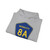 Color: Sport Grey | Position: other | Image: 4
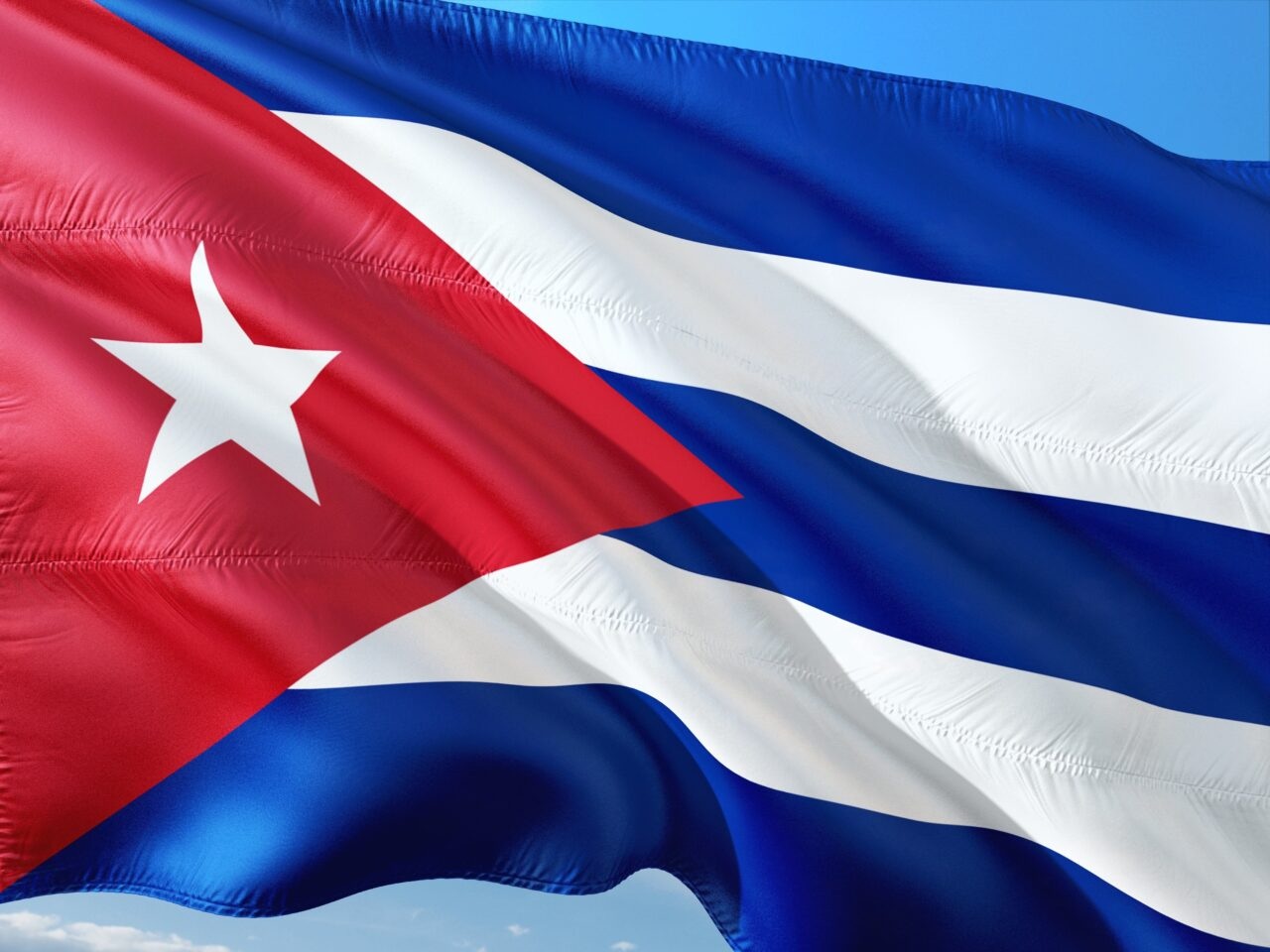 Amnistía Internacional pide transparencia en liberaciones de presos en Cuba
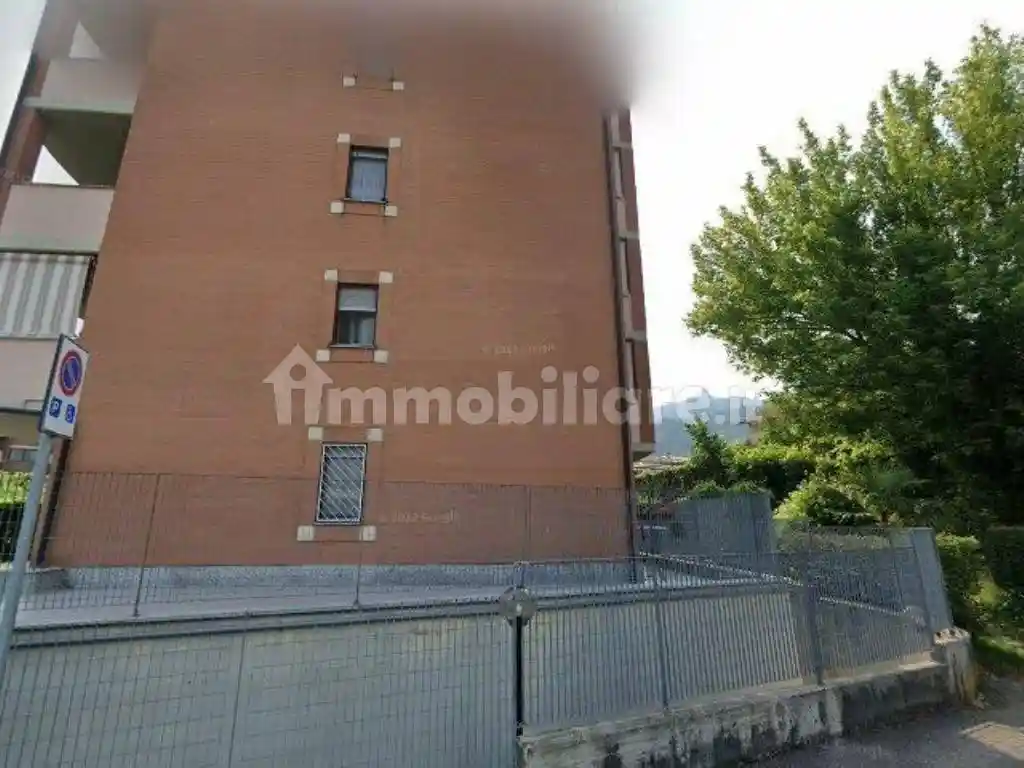 Appartamento in vendita a San Mauro Torinese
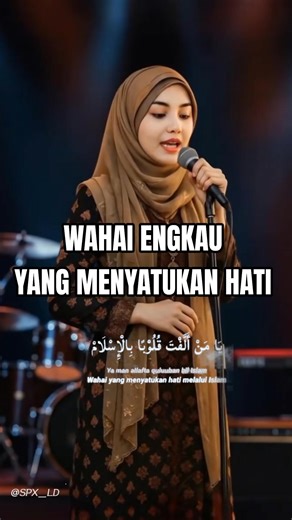SHOLAWAT MERDU, yaman sholaita #sholawatnabi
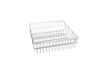 11752595-3-S-Whirlpool-WPW10312792-Upper Dishrack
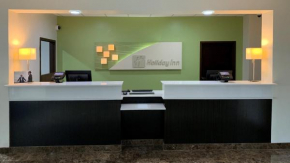 Holiday Inn Mayaguez & Tropical Casino by IHG
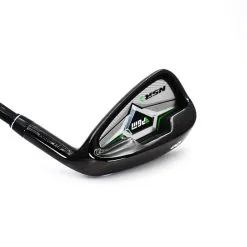 PGM NSR3 Individual Graphite Irons 16 PGM NSR3 Individual Graphite Irons -Clubs sales 10 1 4 2 2 1 2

Instructions for the task —
Retype all of the material above exactly; the pictures stay out.

Your solution —
 Color: Sport Grey | Position: other | Image: 4
 Amnistía Internacional pide transparencia en liberaciones de presos en Cuba
 Appartamento in vendita a San Mauro Torinese
SHOLAWAT MERDU, yaman sholaita #sholawatnabi
 11752595-3-S-Whirlpool-WPW10312792-Upper Dishrack
 Holiday Inn Mayaguez & Tropical Casino by IHG
 PGM NSR3 Individual Graphite Irons 16 PGM NSR3 Individual Graphite Irons -Clubs sales 10 1 4 2 2 1 2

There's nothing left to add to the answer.